Looking back on Seamus Egan’s “When Juniper Sleeps” (1996) and “Early Bright” (2019)

I just listened to two albums by Seamus Egan back to back: When Juniper Sleeps and Early Bright. The former is from 1996 and the latter was released in 2019.

The difference between the two works is remarkable. Incidentally or not, the time that separates the two albums is almost exactly the timeframe of the active years of Solas, the legendary Irish-American band that he was a crucial player in.

It’s interesting to note that Juniper was released the same year as the debut album by Solas – interesting because it’s so profoundly different from the music Solas was making at the time.

Juniper has a lot of electric instruments and for the most part features a full band with drums, electric bass, synthesizers, and so on.
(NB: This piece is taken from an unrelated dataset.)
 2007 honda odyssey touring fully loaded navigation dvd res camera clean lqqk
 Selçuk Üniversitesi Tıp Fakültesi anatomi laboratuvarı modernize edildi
It’s a full-fledged attempt to bring folk music kind of up-to-date with the 1990s, and in my opinion it’s a very successful one at that. I noticed that the critic at allmusic.com did not like the production and thought it was too slick. I kind of get that, but on the other hand, I think it works very well and also leaves room for the acoustic wizardry of Seamus Egan and also John Doyle on the acoustic guitar.

The tunes are so varied that the album feels a bit like a buffet table or a smorgasboard, but I don’t really care. The tunes are great, the more traditional tunes work beautifully, and when the band gets electric and a bit funky in the style of Bad Haggis – what a great band they were! – it’s really enjoyable.
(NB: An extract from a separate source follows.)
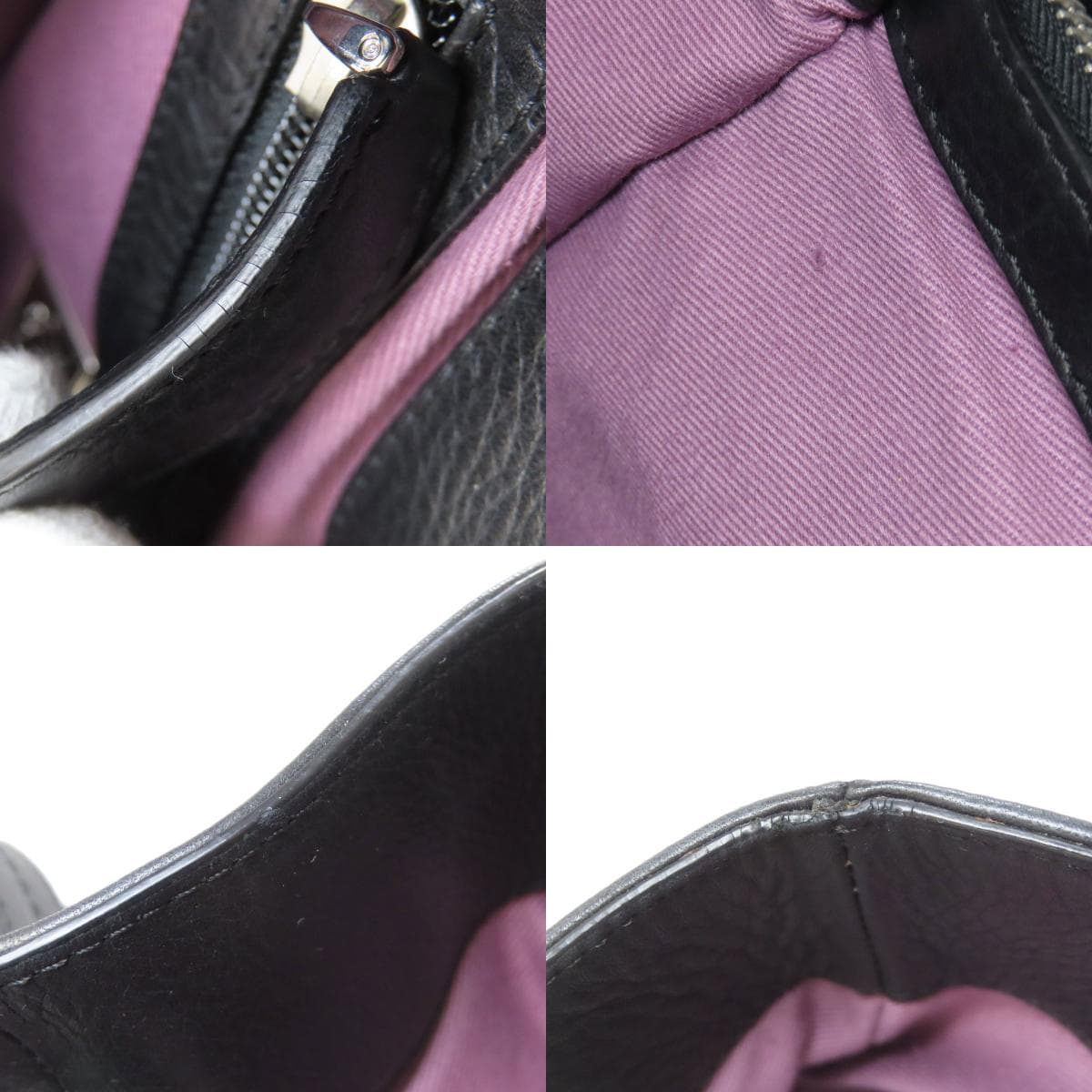 Bally Logo Tote Bag Leather Women's [Used] [BALLY] 7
Worth noting is also the fact that on a couple of tunes, the band sounds surprisingly close to the Pat Metheny Group. There is a very Lyle Mays kind of piano passage on Mick O’Connors and a very, very Metheny-sounding guitar solo on Along the Way – I had to check if it wasn’t Pat himself guesting on the track (it wasn’t). I see these nods to fusion jazz as an indication of Egan’s attempt to create a more modern or contemporary incarnation of trad based music.

The more quiet pieces are also really, really beautiful and I don’t mind if they are sometimes a bit Hollywood-y, perfect music for an emotionally loaded crowd pleaser.
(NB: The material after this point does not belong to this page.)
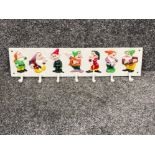 Seven dwarves cup rack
But if Juniper displays signs of seeking for direction and a lack of clear artistic statement, Early Bright is fully and firmly a work of a very mature and self-assured artist.

I think it’s a completely acoustic album with a rich and lively soundscape. Most of the tunes are firmly grounded in Irish and/or American folk music but processed through Egan’s own personal vision.

Some pieces are stylistically pretty much trad while others take more liberties and extend the style to integrate elements of jazz and perhaps something I might call progressive folk music, with odd time signatures and stuff like that.

But it’s never complicated or complex – or at least it never sounds like it. Even when playing in uneven times, his ensemble do it in such a natural way that you don’t even realize the tune is in five, just like you don’t necessarily notice that the song Seven Days, by Sting, is in five-eight throughout.

Unlike Juniper, Early Bright is a very coherent work and the dynamic between the tunes makes it flow beautifully throughout. I love both the more energetic pieces like 6 Then 5 or B Bump Bounce, and the lyrical, elegiac works like Everything Always Was and the absolutely charming closing tune Under the Chestnut Tree.

What I find particularly fascinating is the way the maturation and finding his own musical voice is so clearly in evidence, when you compare the two albums separated by 23 years. I love both: Juniper, for it’s eagerness to find new ways of expressing an older tradition, Early Bright for giving us a personal, meaningful, very human musical vision.